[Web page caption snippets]
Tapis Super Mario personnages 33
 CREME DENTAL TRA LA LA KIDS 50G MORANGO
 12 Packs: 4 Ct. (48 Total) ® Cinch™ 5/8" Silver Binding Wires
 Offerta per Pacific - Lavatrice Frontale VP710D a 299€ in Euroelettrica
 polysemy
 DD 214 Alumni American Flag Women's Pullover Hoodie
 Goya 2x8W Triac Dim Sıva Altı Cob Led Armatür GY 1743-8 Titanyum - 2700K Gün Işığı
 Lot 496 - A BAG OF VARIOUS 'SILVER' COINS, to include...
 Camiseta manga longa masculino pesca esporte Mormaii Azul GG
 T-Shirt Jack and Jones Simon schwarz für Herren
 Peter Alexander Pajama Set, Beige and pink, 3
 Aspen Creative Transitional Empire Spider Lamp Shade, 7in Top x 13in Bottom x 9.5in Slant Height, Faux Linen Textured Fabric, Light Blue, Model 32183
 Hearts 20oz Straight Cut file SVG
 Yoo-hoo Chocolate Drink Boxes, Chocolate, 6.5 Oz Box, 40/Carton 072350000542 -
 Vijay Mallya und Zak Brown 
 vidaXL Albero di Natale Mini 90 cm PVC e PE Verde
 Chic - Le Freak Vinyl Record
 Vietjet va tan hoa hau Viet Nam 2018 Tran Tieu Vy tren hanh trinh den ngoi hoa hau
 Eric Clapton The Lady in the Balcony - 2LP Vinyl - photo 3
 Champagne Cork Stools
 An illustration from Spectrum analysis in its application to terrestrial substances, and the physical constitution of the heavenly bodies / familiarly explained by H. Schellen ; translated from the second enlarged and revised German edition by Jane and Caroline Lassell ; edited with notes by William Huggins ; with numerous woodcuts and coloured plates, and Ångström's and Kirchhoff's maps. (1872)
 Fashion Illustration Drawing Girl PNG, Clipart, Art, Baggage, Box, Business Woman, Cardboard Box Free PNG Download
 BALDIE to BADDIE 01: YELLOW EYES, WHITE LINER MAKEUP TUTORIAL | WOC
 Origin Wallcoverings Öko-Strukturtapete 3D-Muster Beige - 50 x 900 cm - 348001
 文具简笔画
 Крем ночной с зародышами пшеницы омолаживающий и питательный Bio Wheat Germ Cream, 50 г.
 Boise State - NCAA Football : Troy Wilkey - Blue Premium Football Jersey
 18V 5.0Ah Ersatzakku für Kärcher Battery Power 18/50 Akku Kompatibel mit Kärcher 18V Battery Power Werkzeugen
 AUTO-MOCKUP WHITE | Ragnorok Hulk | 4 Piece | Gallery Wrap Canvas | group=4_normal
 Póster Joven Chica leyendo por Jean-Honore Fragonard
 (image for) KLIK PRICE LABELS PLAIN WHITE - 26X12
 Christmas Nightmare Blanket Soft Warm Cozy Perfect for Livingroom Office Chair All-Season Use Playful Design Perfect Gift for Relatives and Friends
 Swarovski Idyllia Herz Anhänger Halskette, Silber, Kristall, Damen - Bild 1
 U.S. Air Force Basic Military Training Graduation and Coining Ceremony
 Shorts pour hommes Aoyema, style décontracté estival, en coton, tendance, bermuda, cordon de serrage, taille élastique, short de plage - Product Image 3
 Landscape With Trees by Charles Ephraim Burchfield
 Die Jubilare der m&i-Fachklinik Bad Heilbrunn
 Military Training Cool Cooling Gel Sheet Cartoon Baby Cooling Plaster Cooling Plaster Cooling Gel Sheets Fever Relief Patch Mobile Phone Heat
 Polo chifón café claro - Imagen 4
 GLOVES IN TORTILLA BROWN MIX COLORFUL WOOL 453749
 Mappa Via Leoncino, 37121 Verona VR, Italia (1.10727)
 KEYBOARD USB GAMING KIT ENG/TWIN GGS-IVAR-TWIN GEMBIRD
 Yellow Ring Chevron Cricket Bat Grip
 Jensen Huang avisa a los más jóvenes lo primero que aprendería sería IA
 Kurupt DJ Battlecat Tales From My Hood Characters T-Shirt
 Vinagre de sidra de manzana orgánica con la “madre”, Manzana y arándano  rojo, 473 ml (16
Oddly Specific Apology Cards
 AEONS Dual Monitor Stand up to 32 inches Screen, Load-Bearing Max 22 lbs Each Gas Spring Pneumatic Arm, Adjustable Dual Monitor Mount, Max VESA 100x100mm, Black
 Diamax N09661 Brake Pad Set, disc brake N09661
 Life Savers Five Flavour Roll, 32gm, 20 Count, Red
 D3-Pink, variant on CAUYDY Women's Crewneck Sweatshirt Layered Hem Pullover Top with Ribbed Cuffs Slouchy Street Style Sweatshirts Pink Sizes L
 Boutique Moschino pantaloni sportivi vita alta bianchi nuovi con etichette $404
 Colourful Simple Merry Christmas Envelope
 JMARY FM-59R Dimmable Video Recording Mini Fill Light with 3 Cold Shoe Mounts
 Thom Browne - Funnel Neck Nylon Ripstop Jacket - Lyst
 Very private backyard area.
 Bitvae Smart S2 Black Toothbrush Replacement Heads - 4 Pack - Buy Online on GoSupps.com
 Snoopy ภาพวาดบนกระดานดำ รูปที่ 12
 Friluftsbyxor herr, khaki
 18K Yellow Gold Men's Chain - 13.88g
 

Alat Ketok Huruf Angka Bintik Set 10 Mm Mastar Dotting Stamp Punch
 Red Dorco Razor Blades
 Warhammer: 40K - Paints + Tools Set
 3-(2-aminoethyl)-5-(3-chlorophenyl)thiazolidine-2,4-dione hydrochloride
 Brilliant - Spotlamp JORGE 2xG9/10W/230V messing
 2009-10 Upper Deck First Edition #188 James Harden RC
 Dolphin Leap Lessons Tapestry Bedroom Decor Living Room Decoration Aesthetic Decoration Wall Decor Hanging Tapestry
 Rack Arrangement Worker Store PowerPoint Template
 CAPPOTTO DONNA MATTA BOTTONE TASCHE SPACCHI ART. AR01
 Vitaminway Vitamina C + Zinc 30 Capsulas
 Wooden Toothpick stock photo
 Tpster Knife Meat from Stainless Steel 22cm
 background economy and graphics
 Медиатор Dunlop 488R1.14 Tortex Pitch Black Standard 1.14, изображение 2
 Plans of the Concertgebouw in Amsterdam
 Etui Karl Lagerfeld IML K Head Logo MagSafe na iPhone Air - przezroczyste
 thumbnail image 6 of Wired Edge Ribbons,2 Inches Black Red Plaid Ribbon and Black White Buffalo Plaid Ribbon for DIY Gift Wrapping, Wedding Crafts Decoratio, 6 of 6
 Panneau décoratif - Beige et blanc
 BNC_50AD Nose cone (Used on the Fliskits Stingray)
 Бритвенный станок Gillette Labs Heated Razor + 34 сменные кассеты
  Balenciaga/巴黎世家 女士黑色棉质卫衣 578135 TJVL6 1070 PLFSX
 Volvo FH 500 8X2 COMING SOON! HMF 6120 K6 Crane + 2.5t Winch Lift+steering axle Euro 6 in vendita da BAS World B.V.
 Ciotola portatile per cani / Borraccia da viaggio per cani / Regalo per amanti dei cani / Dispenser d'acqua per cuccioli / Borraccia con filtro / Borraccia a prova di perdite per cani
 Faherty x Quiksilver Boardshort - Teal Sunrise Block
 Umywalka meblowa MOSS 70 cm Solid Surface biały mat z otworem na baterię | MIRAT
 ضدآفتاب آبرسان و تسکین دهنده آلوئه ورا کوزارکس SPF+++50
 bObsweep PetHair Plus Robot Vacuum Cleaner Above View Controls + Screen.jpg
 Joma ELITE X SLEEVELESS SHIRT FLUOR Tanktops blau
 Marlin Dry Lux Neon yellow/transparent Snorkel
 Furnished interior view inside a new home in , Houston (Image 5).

[ACTION ITEM]:
Wherever the word "Women" occurs in the data, copy that whole line.

[ANSWER SECTION]:
 DD 214 Alumni American Flag Women's Pullover Hoodie
 D3-Pink, variant on CAUYDY Women's Crewneck Sweatshirt Layered Hem Pullover Top with Ribbed Cuffs Slouchy Street Style Sweatshirts Pink Sizes L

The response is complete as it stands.